Simplifying disassembly with llvm-mc

Both compiler developers and security researchers have built disassemblers. They often prioritize different aspects. Compiler toolchains, benefiting from direct contributions from CPU vendors, tend to offer more accurate and robust decoding. Security-focused tools, on the other hand, often excel in user interface design.

For quick disassembly tasks, rizin provides a convenient command-line interface.

1
2
3
% rz-asm -a x86 -b 64 -d 4829c390
sub rbx, rax
nop

-a x86 can be omitted.

Within the LLVM ecosystem, llvm-objdump serves as a drop-in replacement for the traditional GNU objdump, leveraging instruction information from LLVM's TableGen files (llvm/lib/Target/*/*.td). Another LLVM tool, llvm-mc, was originally designed for internal testing of the Machine Code (MC) layer, particularly the assembler and disassembler components. There are numerous RUN: llvm-mc ... tests within llvm/test/MC. Despite its internal origins, llvm-mc is often distributed as part of the LLVM toolset, making it accessible to users.
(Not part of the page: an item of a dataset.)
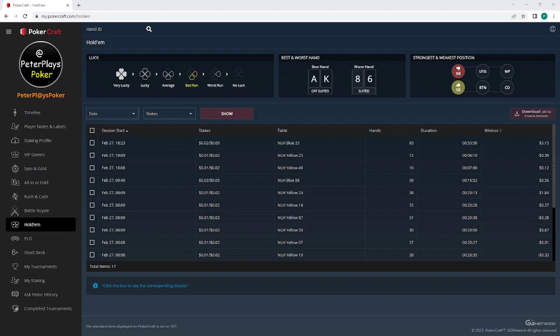I'm actually using Natural8, but there are some minor differences here and there. Essentially you're playing the same games. You log in and then click onto your PokerCraft. There's usually a little button at the bottom bar for you to click, and then you will get a screen like this.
However, using llvm-mc for simple disassembly tasks can be cumbersome. It requires explicitly prefixing hexadecimal byte values with 0x:

1
2
3
4
% echo 0x48 0x29 0xc3 0x90 | llvm-mc --triple=x86_64 --cdis --output-asm-variant=1
.text
sub rbx, rax
nop

Let's break down the options used in this command:

  • --triple=x86_64: This specifies the target architecture. If your LLVM build's default target triple is already x86_64-*-*, this option can be omitted.
  • --output-asm-variant=1: LLVM, like GCC, defaults to AT&T syntax for x86 assembly. This option switches to the Intel syntax. See lhmouse/mcfgthread/wiki/Intel-syntax if you prefer the Intel syntax in compiler toolchains.
  • --cdis: Introduced in LLVM 18, this option enables colored disassembly. In older LLVM versions, you have to use --disassemble.

I have contributed patches to remove .text and allow disassembling raw bytes without the 0x prefix. You can now use the --hex option:

1
2
3
% echo 4829c390 | llvm-mc --cdis --hex --output-asm-variant=1
sub rbx, rax
nop

You can further simplify this by creating a shell alias:

1
alias disasm="llvm-mc --cdis --hex --output-asm-variant=1"

bash and zsh's "here string" feature provides a clean way to specify stdin.

1
2
3
4
5
6
% disasm <<< 4829c390
sub rbx, rax
nop
% disasm <<< $'4829 c3\n# comment\n90'
sub rbx, rax
nop

The --hex option conveniently ignores whitespace and #-style comments within the input.